**TRY IT**
The following data is to be repeated exactly, its pictures excluded.

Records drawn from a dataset
=-=-=-=-=

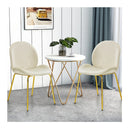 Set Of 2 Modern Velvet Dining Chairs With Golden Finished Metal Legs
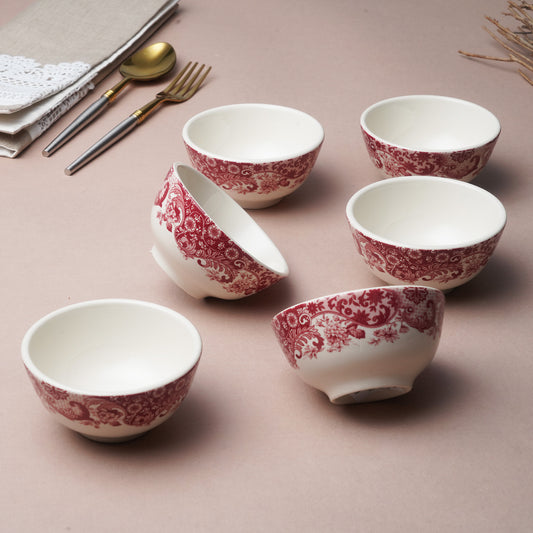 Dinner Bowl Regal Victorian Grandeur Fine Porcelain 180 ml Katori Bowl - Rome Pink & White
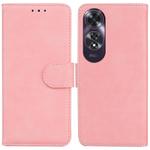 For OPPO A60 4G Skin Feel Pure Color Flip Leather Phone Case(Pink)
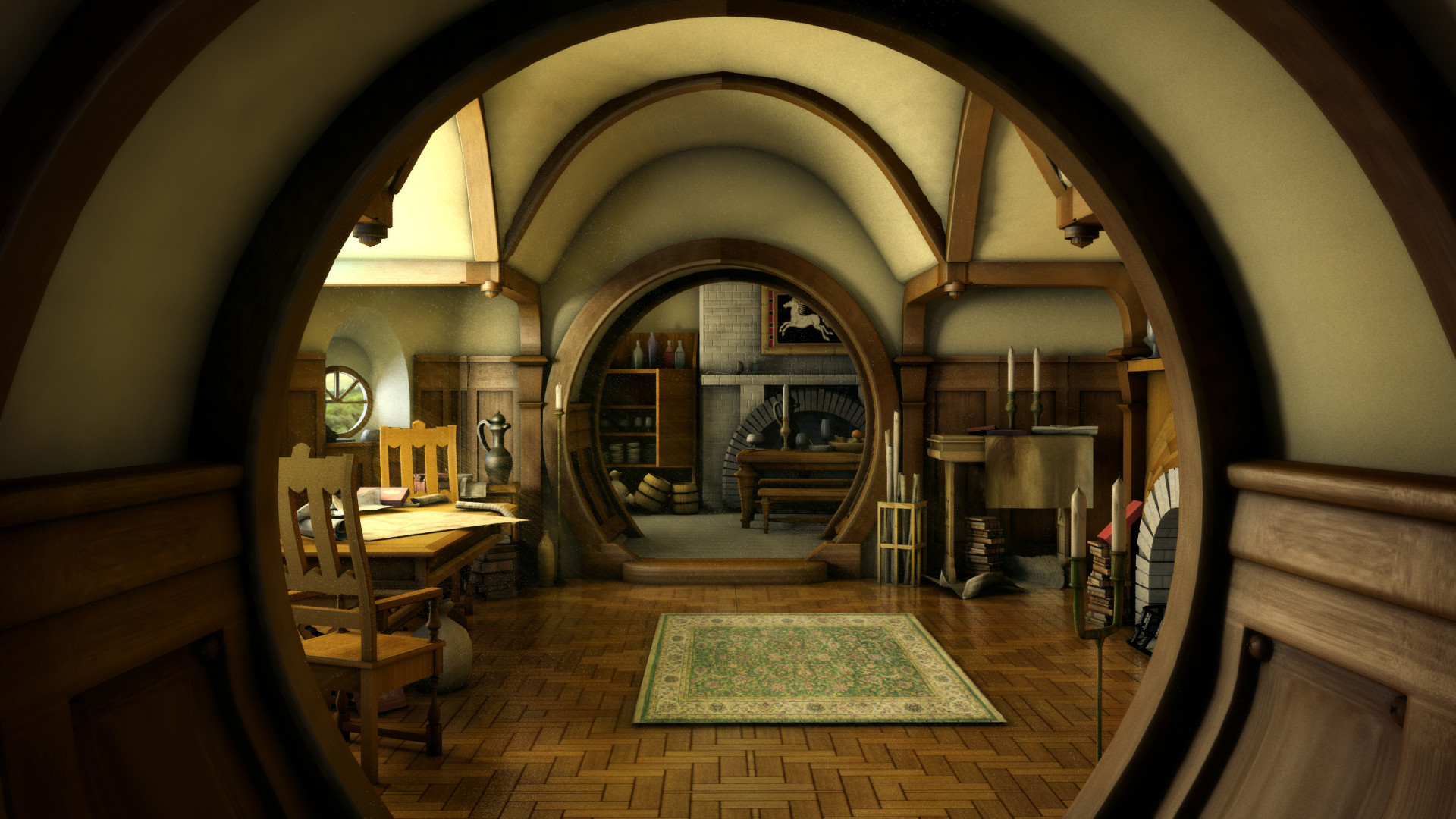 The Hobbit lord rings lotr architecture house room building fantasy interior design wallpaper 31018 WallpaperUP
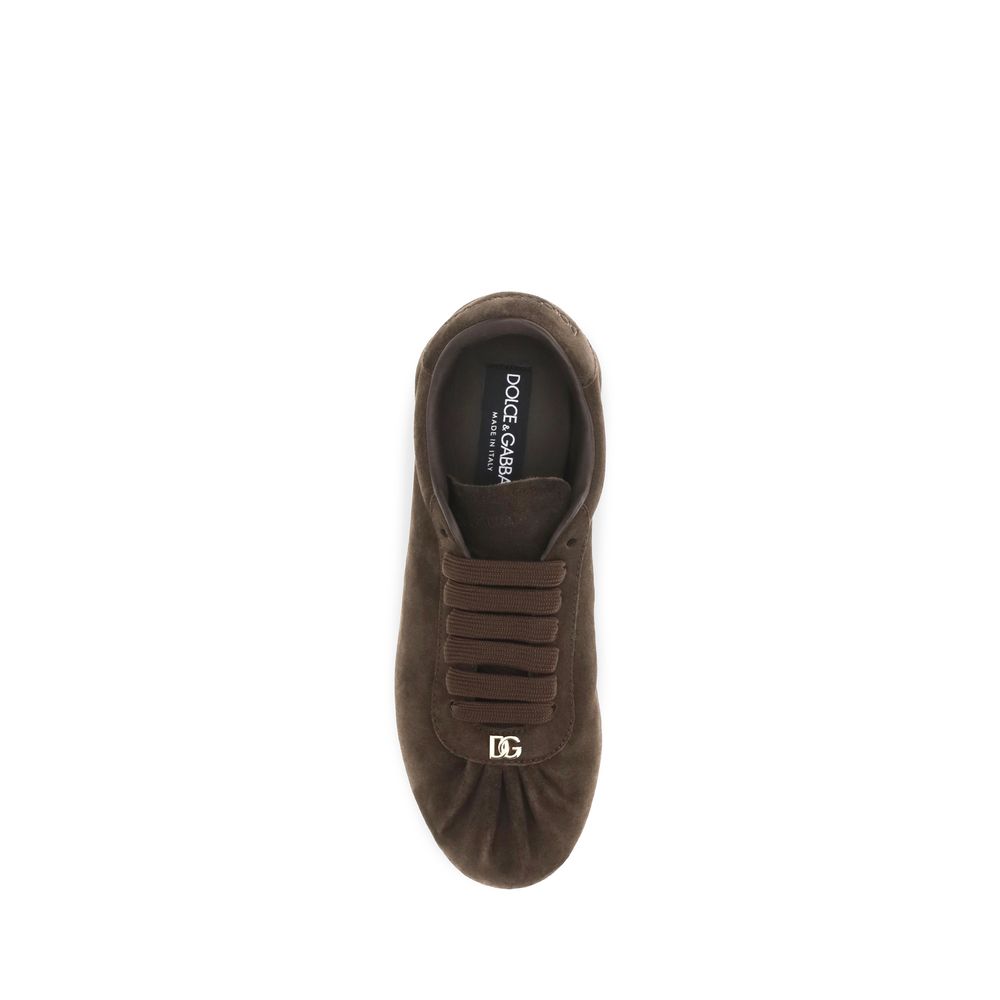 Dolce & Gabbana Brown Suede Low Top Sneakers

=-=-=-=-=

**TASK OUTPUT**
 Set Of 2 Modern Velvet Dining Chairs With Golden Finished Metal Legs
 Dinner Bowl Regal Victorian Grandeur Fine Porcelain 180 ml Katori Bowl - Rome Pink & White
 For OPPO A60 4G Skin Feel Pure Color Flip Leather Phone Case(Pink)
 The Hobbit lord rings lotr architecture house room building fantasy interior design wallpaper 31018 WallpaperUP
 Dolce & Gabbana Brown Suede Low Top Sneakers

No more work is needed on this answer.